• **Exercise input**:
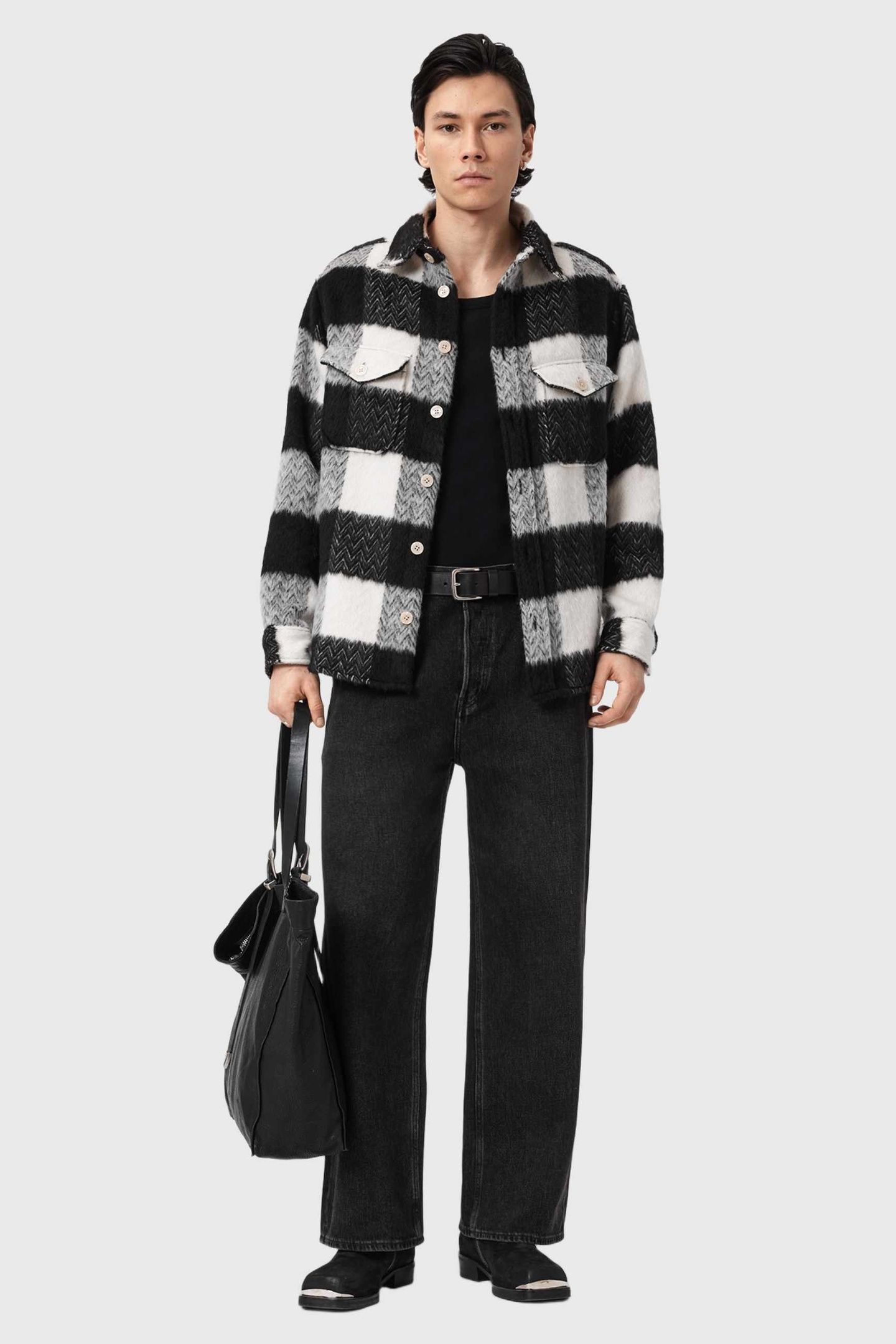 RIVER LS SHIRT BLACK/WHITE 1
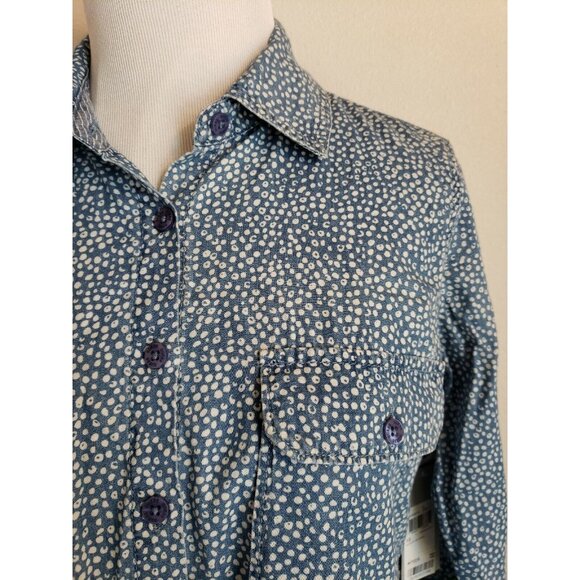 Guess 1981 Denim Top Womens XS Blue Polka Dot Shirt 100% Cotton Chambray Long - Picture 3 of 12
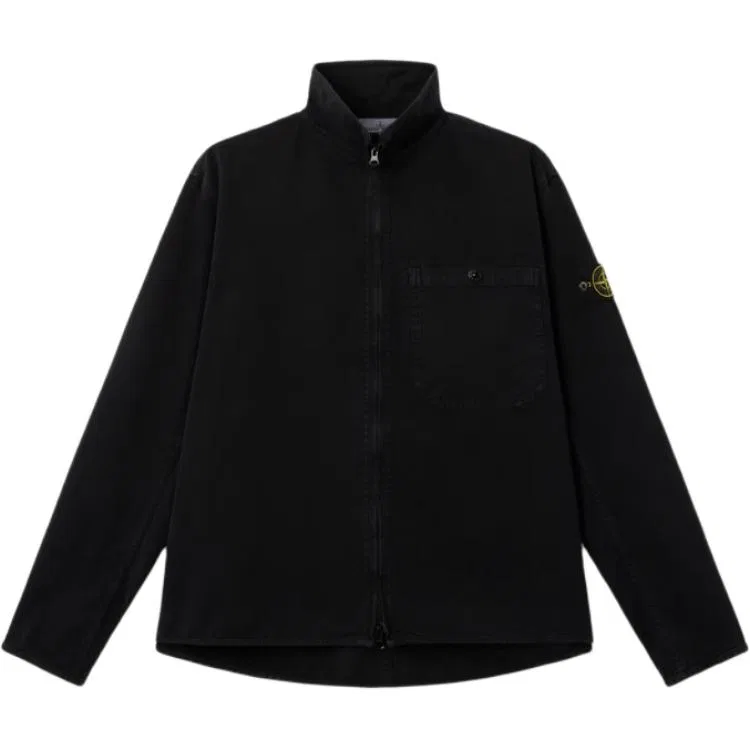 Рубашка с карманом на молнии Stone Island черная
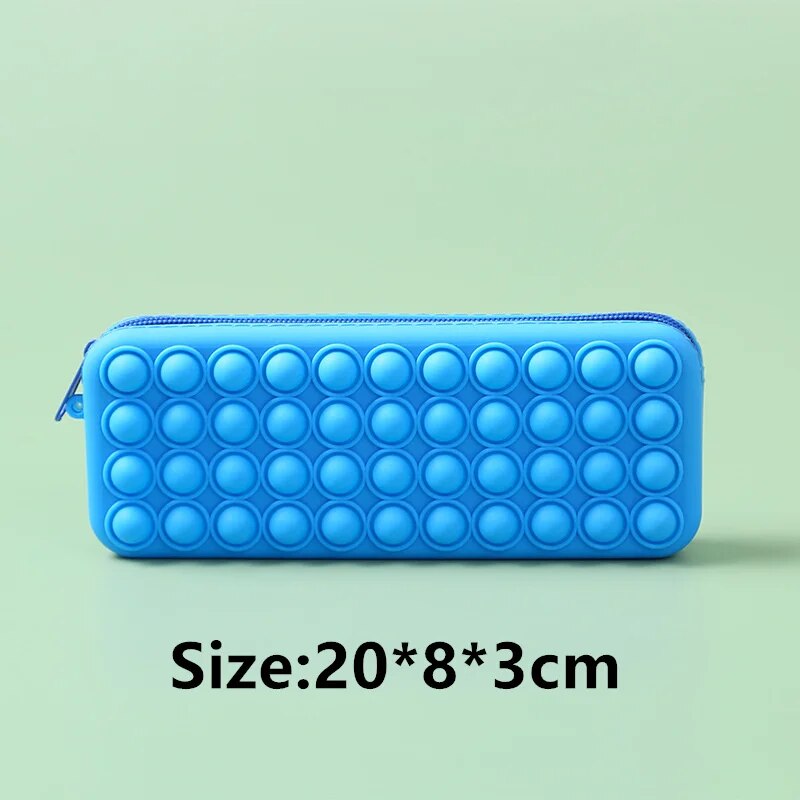 Pop Its Pencil Case Kawaii Stationery Silicone Pencil Pouch Pen Case Trousse School Supplies Pencilcase Reduce Stress Interestin ShopOnlyDeal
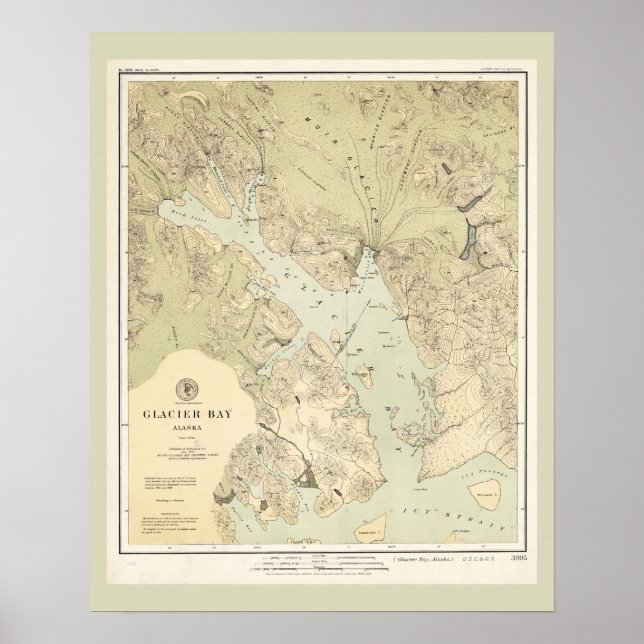 Antique Karta Nautical Chart of Glacier Bay Alaska Poster (Framsidan)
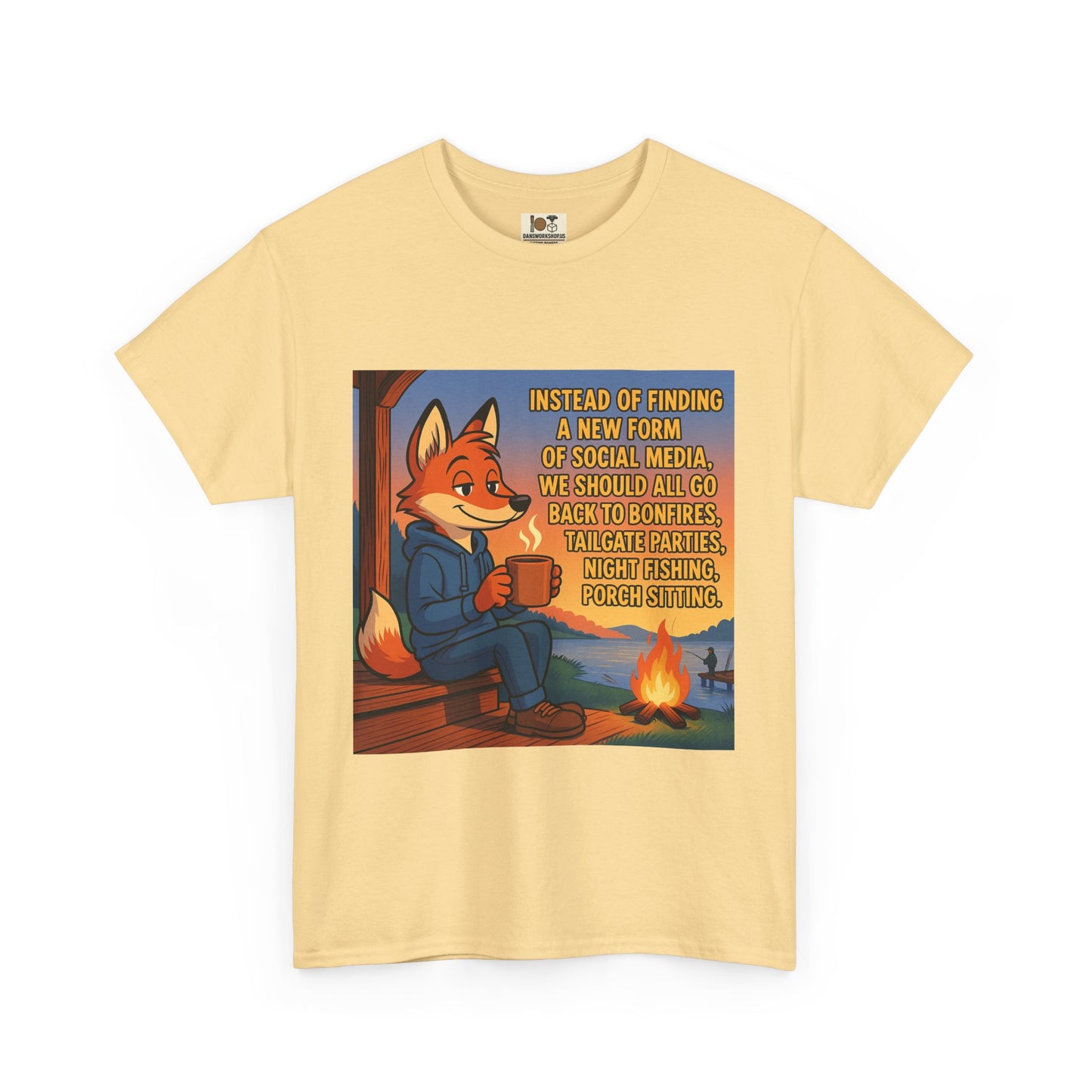 Cozy Campfire Fox Tee, Relaxing T-Shirt for Nature Lovers, Outdoor Adventure Shirt, Fox Lover Gift, Casual Cozy Wear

• **What is expected**:
With all pictures omitted, return exactly the lines from the one containing "Pop Its Pencil" through the end of the entries above.

• **Solution to the problem**:
 Pop Its Pencil Case Kawaii Stationery Silicone Pencil Pouch Pen Case Trousse School Supplies Pencilcase Reduce Stress Interestin ShopOnlyDeal
 Antique Karta Nautical Chart of Glacier Bay Alaska Poster (Framsidan)
 Cozy Campfire Fox Tee, Relaxing T-Shirt for Nature Lovers, Outdoor Adventure Shirt, Fox Lover Gift, Casual Cozy Wear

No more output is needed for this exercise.